■ **Recorded data**:
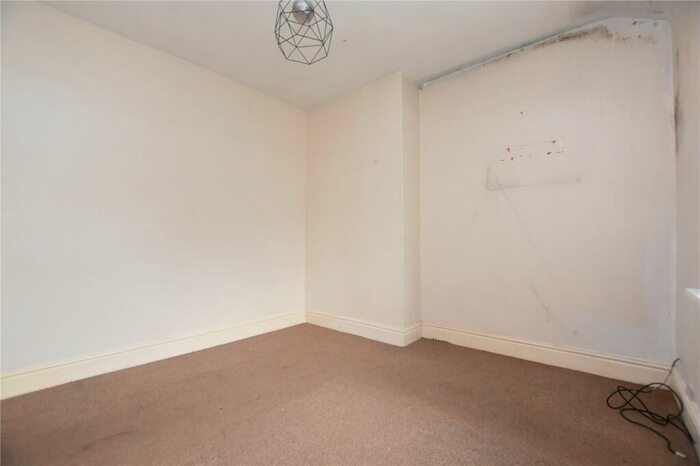 3 Bedroom Terraced House For Sale In Windsor Terrace, Gildersome, Morley, Leeds, LS27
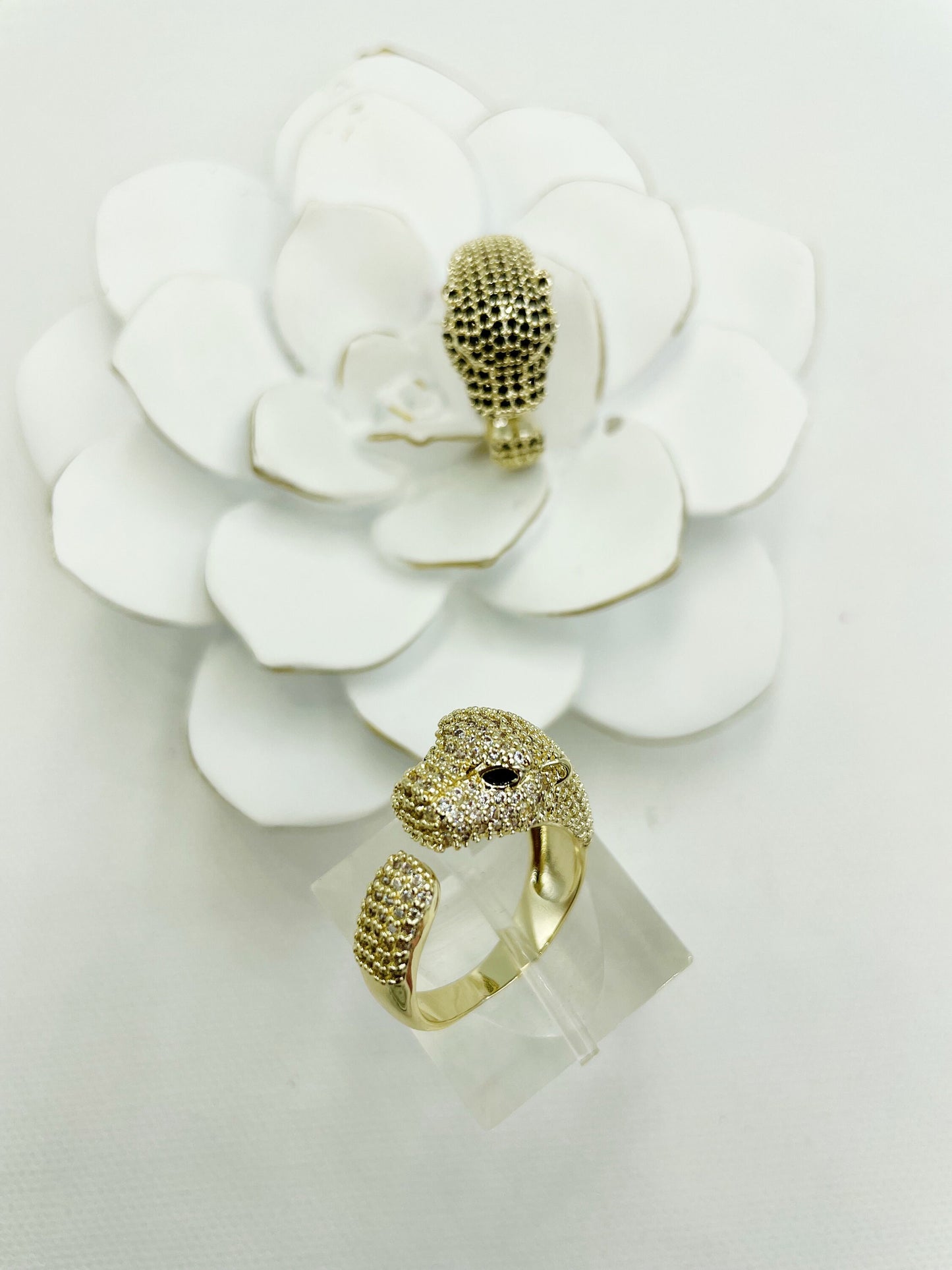 Leopard Design Zirconia Adjustable Ring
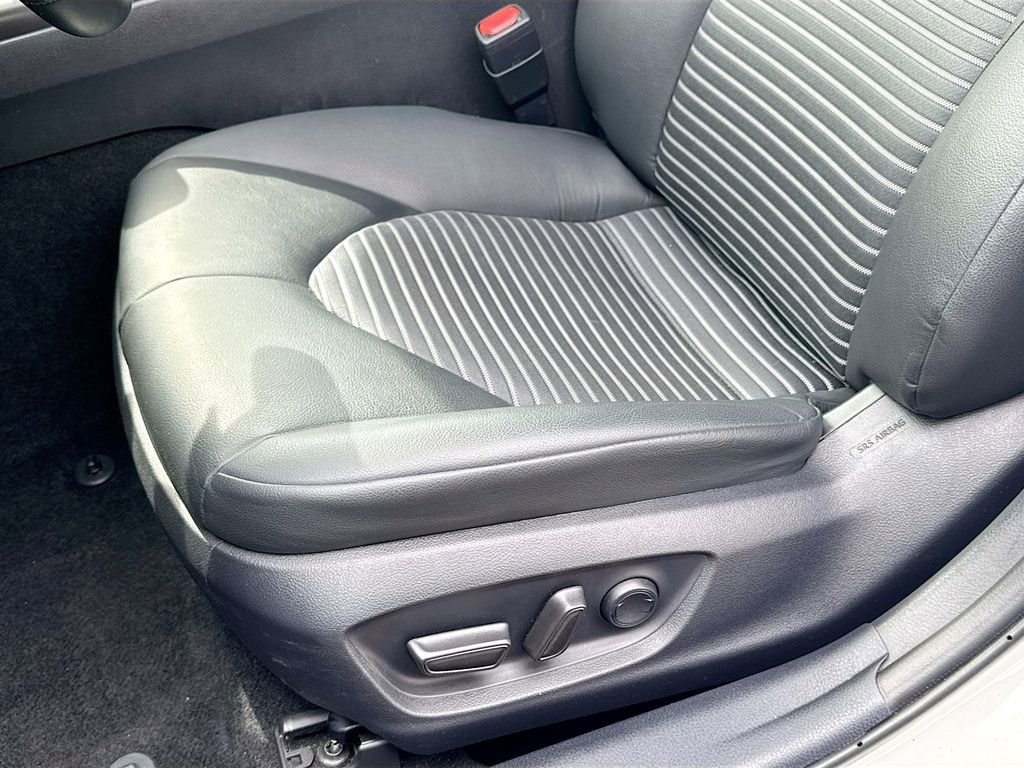 Used 2024 Toyota Camry SE image 16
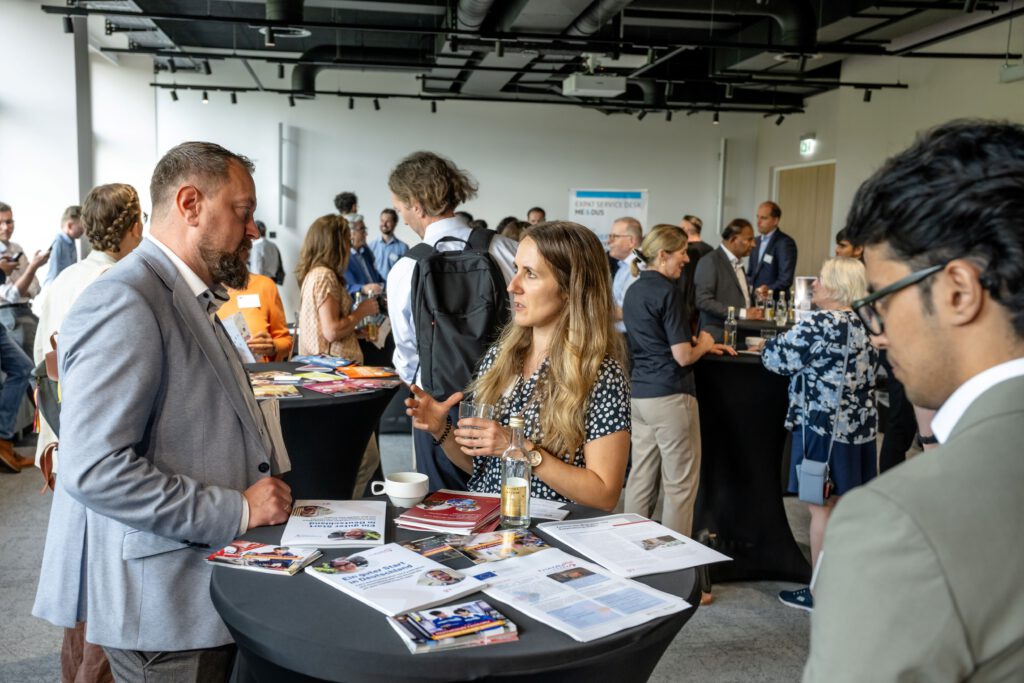 Düsseldorf gewinnt Fachkräfte: Projekt Hand in Hand for International Talents erleichtert Rekrutierung und Integration.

■ **Task objective**:
Each line of the listing must be restated word for word, and the pictures left out.

■ **Your solution**:
 3 Bedroom Terraced House For Sale In Windsor Terrace, Gildersome, Morley, Leeds, LS27
 Leopard Design Zirconia Adjustable Ring
 Used 2024 Toyota Camry SE image 16
 Düsseldorf gewinnt Fachkräfte: Projekt Hand in Hand for International Talents erleichtert Rekrutierung und Integration.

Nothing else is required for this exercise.